20 Settembre 2018
Campo di Moria Lesbo, autolesionismo e suicidio tra i bambini migranti

Da mesi interi nuclei familiari sono bloccati nel campo di Moria, a Lesbo in Grecia. Una realtà cruda e difficile da accettare, ma più tollerabile rispetto alla guerra e alla violenza da cui sfuggivano. I casi autolesionismo e suicidi aumentano tra i bambini sempre più i casi di autolesionismo e suicidi. A denunciarlo Medici senza frontiere (Msf).
Cosa è accaduto?
La politica di contenimento dei richiedenti asilo sulle isole greche ha bloccato oltre 9.000 persone, soprattutto bambini, nel campo di Moria, progettato per accoglierne non più di 3100. I casi sono critici più frequenti riguardano adolescenti e bambini che hanno tentato di suicidarsi o si sono provocati vere e proprie lesioni. Si evidenziano anche lacune significative nella protezione dei bambini e mancanza di accesso a cure mediche urgenti.
I Medici Senza Frontiere hanno denunciato lo stato di abbandono dei campi profughi e dei suoi abitanti. Questi chiedono, pertanto, un’evacuazione di emergenza per tutti, ma soprattutto per i bambini verso una sistemazione più sicura.
Emergenza senza precedenti
Siamo davanti ad una situazione molto delicata: una vera e propria emergenza sociale. Al centro del mirino la salute precaria sia fisica che psicologica.
Come ha dichiarato Alessandro Barberio, psichiatra di MSF: “Dopo tanti anni di professione medica, posso dire di non aver mai assistito un numero così grande di persone bisognose di assistenza psicologica come a Lesbo.
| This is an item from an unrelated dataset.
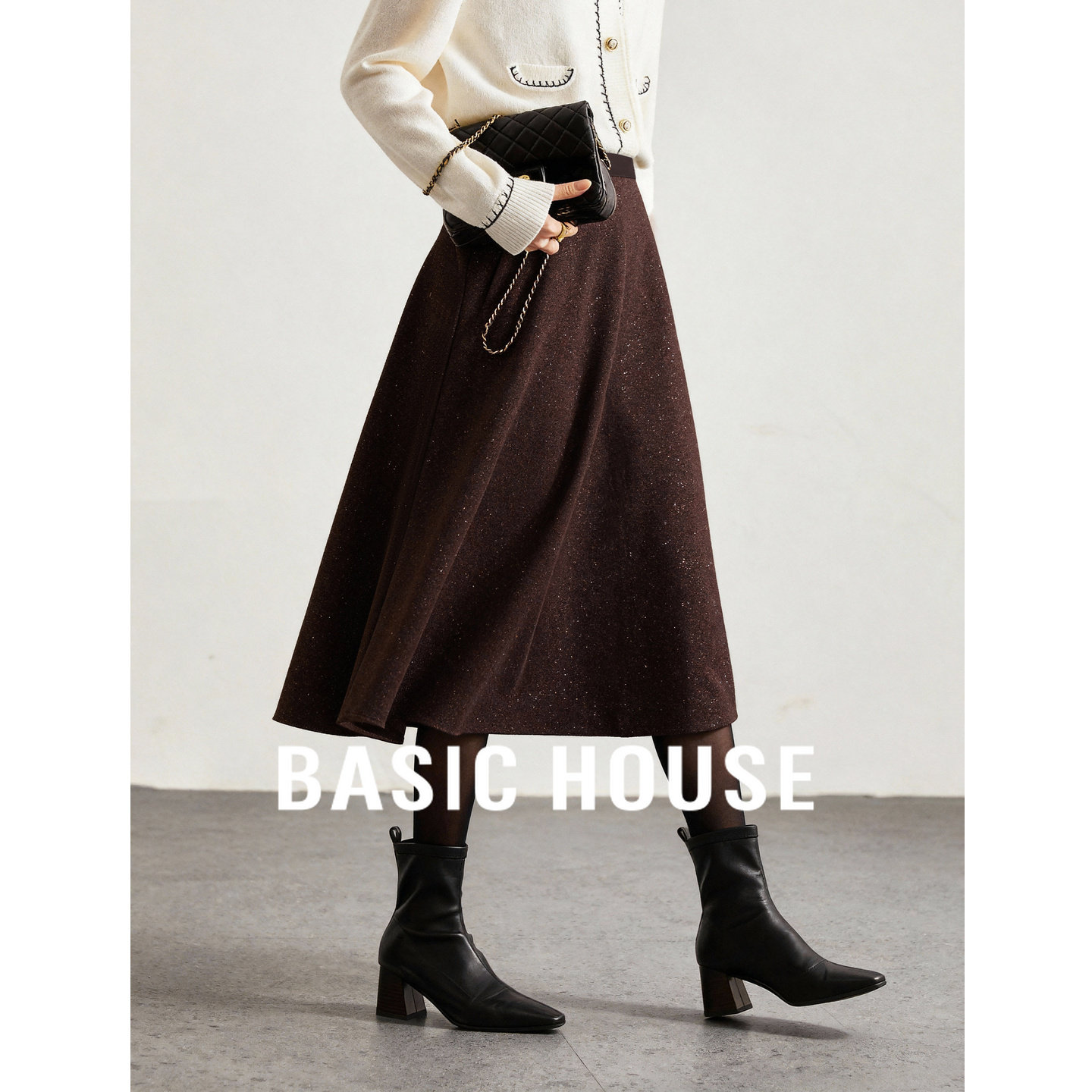 Basic House/百家好法式黑色亮片伞裙秋冬新款羊毛呢A字半身裙子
La stragrande maggioranza dei pazienti presenta sintomi di psicosi, ha pensieri suicidi o ha già tentato di togliersi la vita. Molti non sono in grado di svolgere nemmeno le più basilari attività quotidiane, come dormire, mangiare o comunicare“.
Troppe giovani anime spezzate
Bambini che per la disperazione, per le ferite fisiche ma soprattutto mentali, decidono di uccidersi o di farsi del male. Le sofferenze del passato si mischiano ad un presente incerto, privo di strutture adeguate che li accolgano e li sostengano. Stando ai numeri riportati dalla ONG, in quattro mesi, durante le terapie di gruppo rivolte ai bambini tra i 6 e i 18 anni, le equipe hanno osservato che quasi un quarto dei bambini (18 su 74) hanno avuto episodi di autolesionismo, ha tentato il suicidio o ha pensato di togliersi la vita.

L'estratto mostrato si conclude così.